* [Task brief]:
Set the data down exactly as it stands, and keep its pictures out.

= = = = = = =

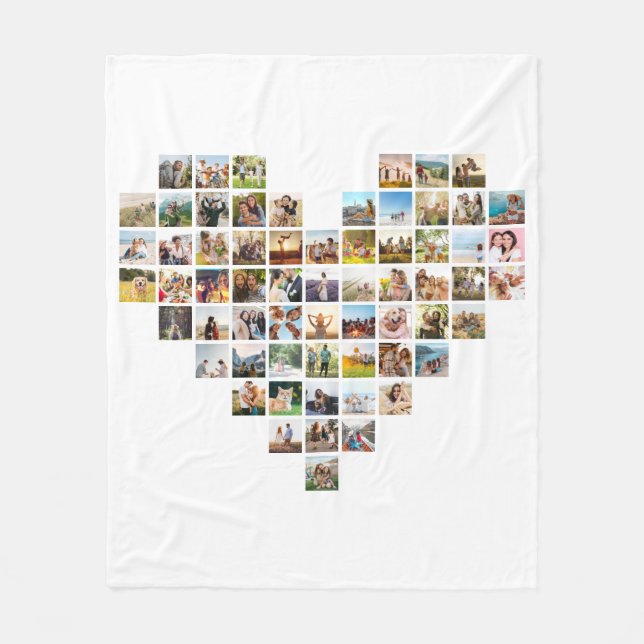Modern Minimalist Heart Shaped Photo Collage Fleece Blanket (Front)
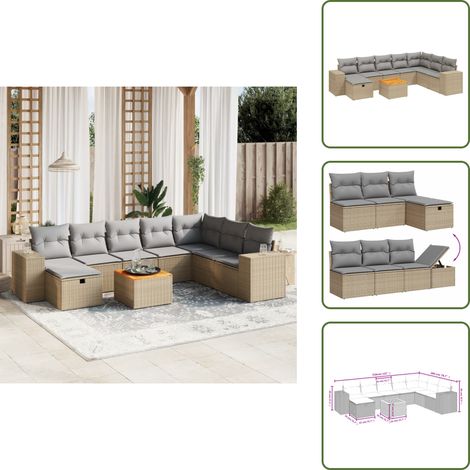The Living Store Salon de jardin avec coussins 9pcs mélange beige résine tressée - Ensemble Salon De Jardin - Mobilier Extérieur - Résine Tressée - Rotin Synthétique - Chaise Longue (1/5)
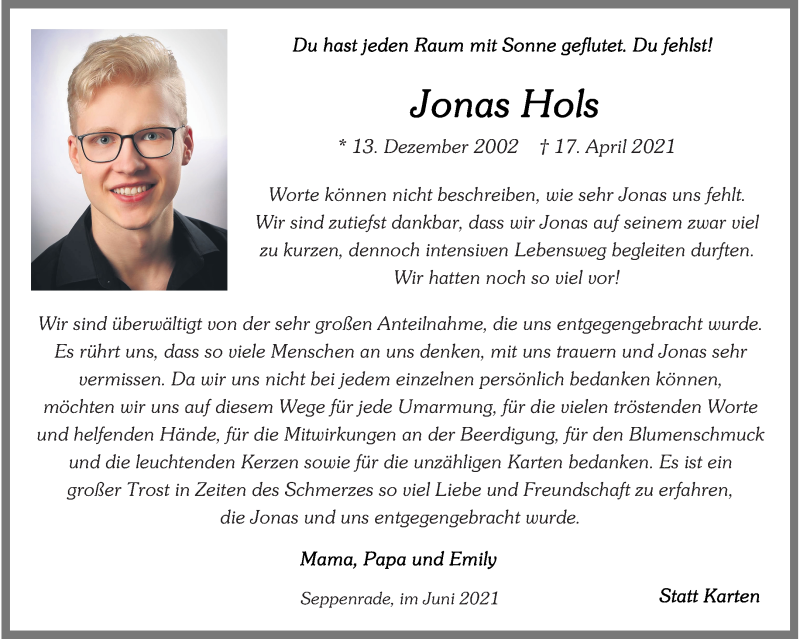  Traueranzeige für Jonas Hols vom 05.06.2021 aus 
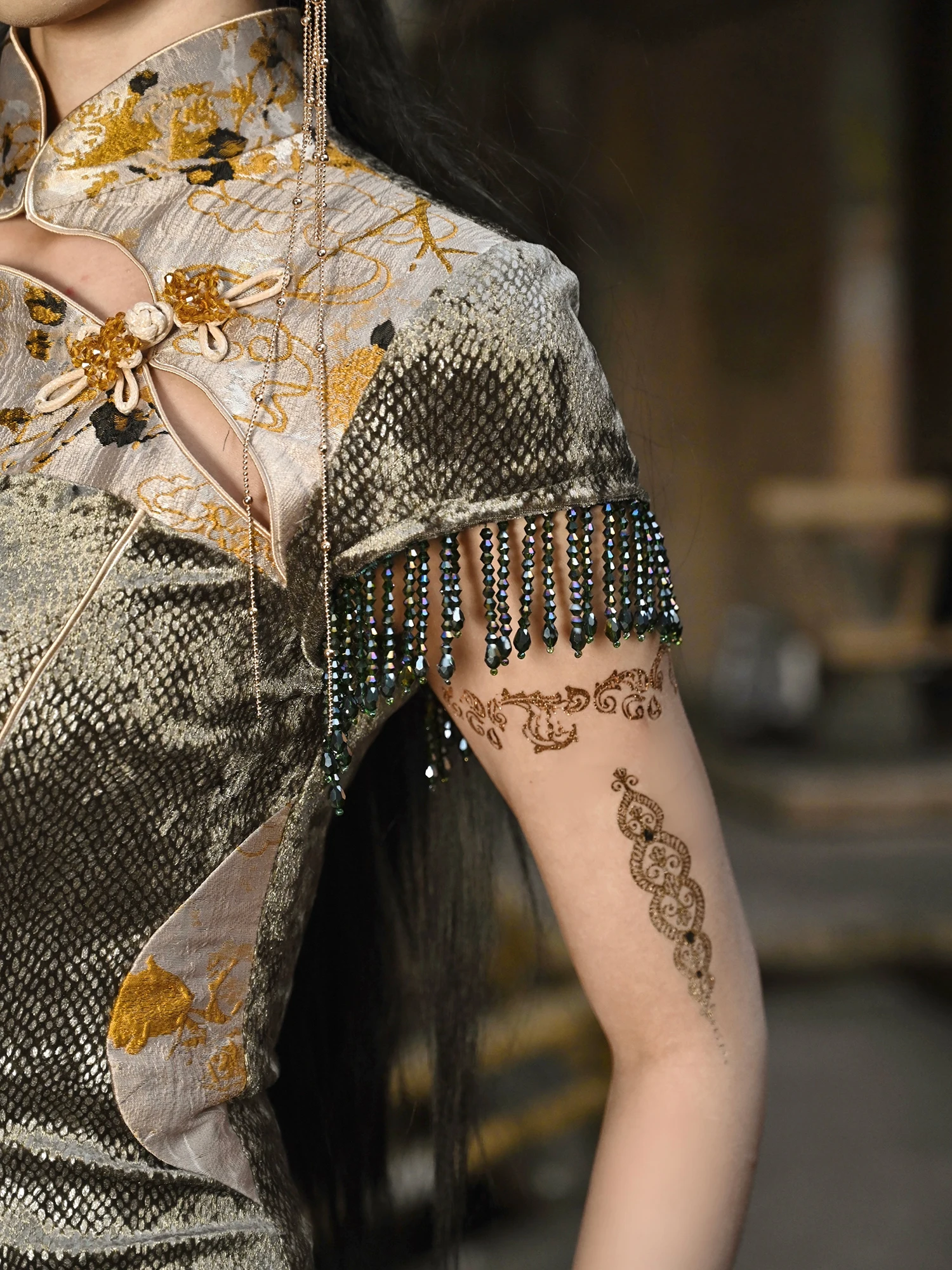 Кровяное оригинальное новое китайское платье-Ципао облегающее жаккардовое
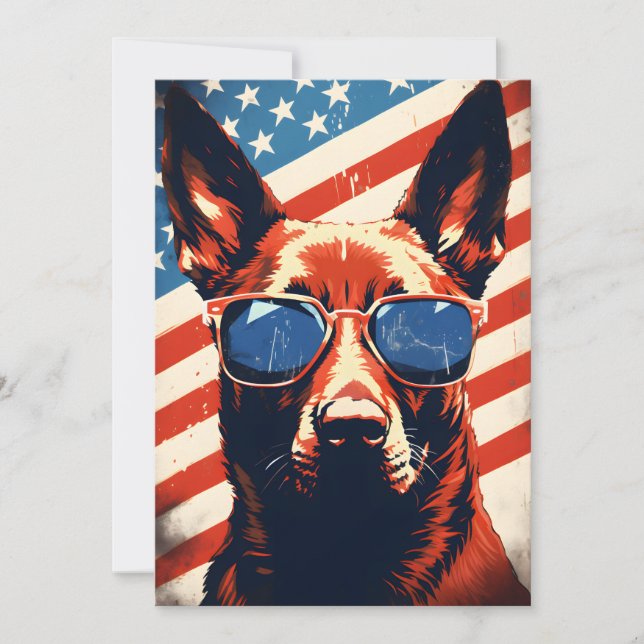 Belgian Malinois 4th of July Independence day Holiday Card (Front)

= = = = = = =

* [Completed task]:
Modern Minimalist Heart Shaped Photo Collage Fleece Blanket (Front)
The Living Store Salon de jardin avec coussins 9pcs mélange beige résine tressée - Ensemble Salon De Jardin - Mobilier Extérieur - Résine Tressée - Rotin Synthétique - Chaise Longue (1/5)
  Traueranzeige für Jonas Hols vom 05.06.2021 aus 
 Кровяное оригинальное новое китайское платье-Ципао облегающее жаккардовое
 Belgian Malinois 4th of July Independence day Holiday Card (Front)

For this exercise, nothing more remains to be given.